ASIC initiatives concerning crypto assets
The Australian government has publicly stated that it is committed to ensuring that consumers can buy, sell, and store crypto assets using Australian crypto asset secondary service providers.
In October 2021, ASIC amended Information Sheet (INFO 225) in relation to crypto assets to help understand the obligations under the Corporations Act and the Australian Securities and Investments Commission Act 2001 (ASIC Act).
Based on INFO 225, Australian laws apply where the crypto asset is promoted or sold in Australia, including from offshore. As such, the use of offshore or decentralized structures does not mean that Australian laws do not apply or can be ignored and encourages entities to build their products and services in a way that complies with the intention of the laws in place to safeguard consumers and the integrity of financial markets in Australia.
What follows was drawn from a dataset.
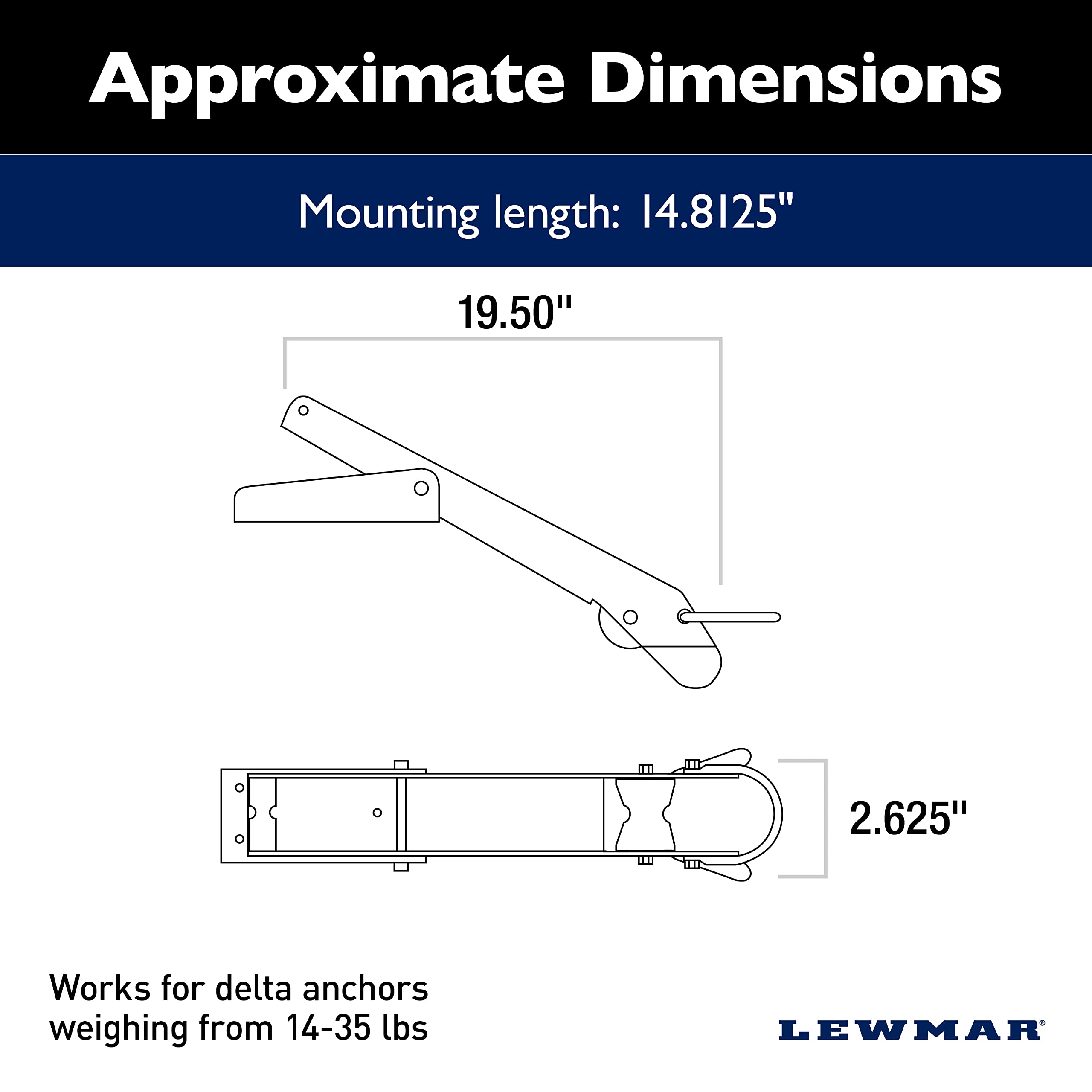 Lewmar Bow Roller For Delta Anchors 14-35 Lbs., Stainless Steel Construction, Derlin Rollers, Easy Installation, Mounting Hardwa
Furthermore, INFO 225 provides that it is incumbent on issuers to determine if issuing the crypto asset fall within the definition of a ‘financial product’ under the Corporations Act and if so, the need to hold an AFSL will apply and the product will be regulated by ASIC.
Whether a crypto asset is considered a financial product depends on its use, as primarily defined in section 763A of the Corporations Act.
With regards to the ASIC Act, it prohibits engagement in misleading or deceptive conduct in the course of operating a crypto asset business whether a financial product is involved or not.
AUSTRAC and the AML/CTF Act
AUSTRAC is the Australian Government agency responsible for preventing, detecting, and responding to criminal abuse of the financial system to protect the Australian community from serious and organized crime. AUSTRAC also regulates certain business activities in the financial, bullion and gambling sectors. These business activities are called designated services and have been identified because they pose a risk for money laundering and terrorism financing.
Presently, Australia’s crypto currency regulations under the AML/CTF Act and regulations, require digital currency exchanges (DCE) to register with AUSTRAC. The regulations require entities acting as exchanges, or providing registrable exchange type services, to identify and verify their users, maintain records, and comply with government AML/CTF reporting obligations.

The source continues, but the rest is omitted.